Set down all of the data that follows, keeping every character.

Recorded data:
● ● ● ●

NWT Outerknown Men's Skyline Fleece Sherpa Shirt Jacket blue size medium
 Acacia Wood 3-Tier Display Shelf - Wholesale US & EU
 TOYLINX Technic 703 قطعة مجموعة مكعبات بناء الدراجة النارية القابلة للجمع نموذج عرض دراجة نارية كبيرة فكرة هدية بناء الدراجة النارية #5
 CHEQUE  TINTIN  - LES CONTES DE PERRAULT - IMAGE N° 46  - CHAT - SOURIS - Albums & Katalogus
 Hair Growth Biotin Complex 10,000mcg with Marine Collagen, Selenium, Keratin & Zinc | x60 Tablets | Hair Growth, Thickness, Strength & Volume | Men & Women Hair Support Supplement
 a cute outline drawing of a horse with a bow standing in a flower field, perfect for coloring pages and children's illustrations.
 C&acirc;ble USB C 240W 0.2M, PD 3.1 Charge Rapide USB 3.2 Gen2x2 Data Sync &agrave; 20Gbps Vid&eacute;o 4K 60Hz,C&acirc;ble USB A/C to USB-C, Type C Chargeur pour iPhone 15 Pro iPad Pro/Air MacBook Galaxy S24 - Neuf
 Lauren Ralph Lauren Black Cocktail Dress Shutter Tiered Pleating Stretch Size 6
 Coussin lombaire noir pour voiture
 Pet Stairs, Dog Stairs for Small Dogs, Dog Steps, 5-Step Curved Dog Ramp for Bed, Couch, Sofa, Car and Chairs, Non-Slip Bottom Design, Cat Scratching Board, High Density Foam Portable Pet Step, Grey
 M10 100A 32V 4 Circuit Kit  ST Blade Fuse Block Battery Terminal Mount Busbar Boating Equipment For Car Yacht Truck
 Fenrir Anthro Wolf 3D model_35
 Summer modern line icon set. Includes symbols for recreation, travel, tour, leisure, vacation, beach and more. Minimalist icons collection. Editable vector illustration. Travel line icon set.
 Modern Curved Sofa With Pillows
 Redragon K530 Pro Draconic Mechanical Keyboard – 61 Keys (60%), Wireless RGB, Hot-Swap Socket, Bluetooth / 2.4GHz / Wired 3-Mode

● ● ● ●

-- YOUR RESPONSE --
NWT Outerknown Men's Skyline Fleece Sherpa Shirt Jacket blue size medium
 Acacia Wood 3-Tier Display Shelf - Wholesale US & EU
 TOYLINX Technic 703 قطعة مجموعة مكعبات بناء الدراجة النارية القابلة للجمع نموذج عرض دراجة نارية كبيرة فكرة هدية بناء الدراجة النارية #5
 CHEQUE  TINTIN  - LES CONTES DE PERRAULT - IMAGE N° 46  - CHAT - SOURIS - Albums & Katalogus
 Hair Growth Biotin Complex 10,000mcg with Marine Collagen, Selenium, Keratin & Zinc | x60 Tablets | Hair Growth, Thickness, Strength & Volume | Men & Women Hair Support Supplement
 a cute outline drawing of a horse with a bow standing in a flower field, perfect for coloring pages and children's illustrations.
 C&acirc;ble USB C 240W 0.2M, PD 3.1 Charge Rapide USB 3.2 Gen2x2 Data Sync &agrave; 20Gbps Vid&eacute;o 4K 60Hz,C&acirc;ble USB A/C to USB-C, Type C Chargeur pour iPhone 15 Pro iPad Pro/Air MacBook Galaxy S24 - Neuf
 Lauren Ralph Lauren Black Cocktail Dress Shutter Tiered Pleating Stretch Size 6
 Coussin lombaire noir pour voiture
 Pet Stairs, Dog Stairs for Small Dogs, Dog Steps, 5-Step Curved Dog Ramp for Bed, Couch, Sofa, Car and Chairs, Non-Slip Bottom Design, Cat Scratching Board, High Density Foam Portable Pet Step, Grey
 M10 100A 32V 4 Circuit Kit  ST Blade Fuse Block Battery Terminal Mount Busbar Boating Equipment For Car Yacht Truck
 Fenrir Anthro Wolf 3D model_35
 Summer modern line icon set. Includes symbols for recreation, travel, tour, leisure, vacation, beach and more. Minimalist icons collection. Editable vector illustration. Travel line icon set.
 Modern Curved Sofa With Pillows
 Redragon K530 Pro Draconic Mechanical Keyboard – 61 Keys (60%), Wireless RGB, Hot-Swap Socket, Bluetooth / 2.4GHz / Wired 3-Mode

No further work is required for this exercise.